The report looks at emerging trends across the region and identifies opportunities in rapidly growing cities and notes that the recognition of informal housing as the only option available to a large majority of Africans signals a need for new approaches to housing policy.
African countries are advised in the report, to seek new, targeted approaches to affordable housing if they are to take advantage of the demographic shift to make their cities inclusive, spur economic growth and expand job opportunities.
"In many African countries, only the upper 5 to 10 percent of the population can afford the cheapest form of formal housing,” said Ede Jorge Ijjasz Vasquez, Senior Director for the World Bank Group’s Social, Urban, Rural and Resilience Global Practice. As a result, 90 percent of Africans live in informal housing, where living conditions are often substandard, unsafe and without basic services like water, electricity and sanitation, Vasquez added.
During his recent visit to East Africa, Pope Francis visited Kangemi, one of Kenya’s slums located on the outskirts of Nairobi; he lashed out at authorities for neglecting the poor.
Now the new World Bank report demonstrates that targeted interventions in the informal market can bring rapid improvements in the quality of existing housing stock in a number of African countries.
Costly undertakings
The report notes that while many governments in Africa have been directly providing housing to meet the demands of growing urban populations, these programs are extremely costly to and out of reach for the urban poor, and have not significantly increased the amount of affordable housing.

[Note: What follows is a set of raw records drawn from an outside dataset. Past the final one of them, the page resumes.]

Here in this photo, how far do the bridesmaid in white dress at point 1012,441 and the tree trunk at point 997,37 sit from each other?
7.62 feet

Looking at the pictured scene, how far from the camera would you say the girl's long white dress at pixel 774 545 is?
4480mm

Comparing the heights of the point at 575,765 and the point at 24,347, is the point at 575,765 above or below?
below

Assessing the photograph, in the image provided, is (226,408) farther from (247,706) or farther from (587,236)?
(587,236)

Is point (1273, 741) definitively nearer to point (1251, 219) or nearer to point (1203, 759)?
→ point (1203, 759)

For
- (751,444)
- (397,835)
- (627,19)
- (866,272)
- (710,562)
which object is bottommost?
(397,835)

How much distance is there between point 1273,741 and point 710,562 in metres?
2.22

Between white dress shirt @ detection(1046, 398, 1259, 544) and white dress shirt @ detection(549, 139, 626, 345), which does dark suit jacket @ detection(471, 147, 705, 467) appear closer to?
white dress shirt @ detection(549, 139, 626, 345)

As a recommendation, governments are advised to change tact and deploy their scarce resources to target informal housing in low-income areas and households, upgrade infrastructure, improve land administration and planning regulations, and expand access to finance through microfinance loans, credit groups and credit cooperatives.
"Apart from the immediate and obvious benefits of adequate housing, a well-functioning housing sector leads to economic growth that can improve livelihoods, create jobs and expand the market for goods and services,” says Jonas Parby, World Bank Urban Specialist and one of the authors of the report.
Only 5 percent of adults in Sub-Saharan obtained a loan from a formal financial institution in 2015 which is only half the rate of other developing regions such as South Asia or East Asia and the Pacific.
The report says that for every house built, five forms of jobs are created and that while investment in formal housing in Africa is low compared to every other region, a more strategic approach to the housing sector will encourage private investment.
One of the worrisome findings of the report is that while slum populations in other regions are declining, Africa’s is growing and that if current trends continue, the majority of people living in slums will be in African cities, making the need for adequate, affordable housing more urgent than ever before.
Such revelations require the private sector to join hands with the overwhelmed governments and that incentives that promote private investors could go along away to help the situation.
Rwanda’s case
The World Bank’s new report says what a 2012 City of Kigali state of housing survey found; that the city’s current population will more than triple with over 5.3 million people by 2040, from the current less than 1.5 million dwellers.
It’s a development that will present or is already presenting the city with immense urban housing pressure and a growing number of pockets of informal dwelling units in a city whose population growth averaged 5.7 percent between 2005 and 2010.
Out of Kigali’s existing housing stock of 223,000 Dwelling units in 2011, only 42,710 of them were in good condition, 71,487 units were upgradable while the rest, some 108,903 units were found to be not only overcrowded but also of low-quality. They needed to be replaced.
The annual supply for new dwellings by Kigali’s formal housing developers is estimated to be between 800 to 1,000 units per year, with a unit costing a minimum of US$25,000, which is close to Rwf20 million under the current exchange rates.
For Kigali, the biggest challenge is a mismatched supply where the private formal developers are concentrating on the high income earners whose combined demand requires just 28,965 dwelling units by 2022.
The larger market segment of the city’s low income earners is left unsupplied; they require 306,474 dwelling units by 2022 but their current projected formal supply is just 20,404 units annually resulting in a supply gap of 294,899 units.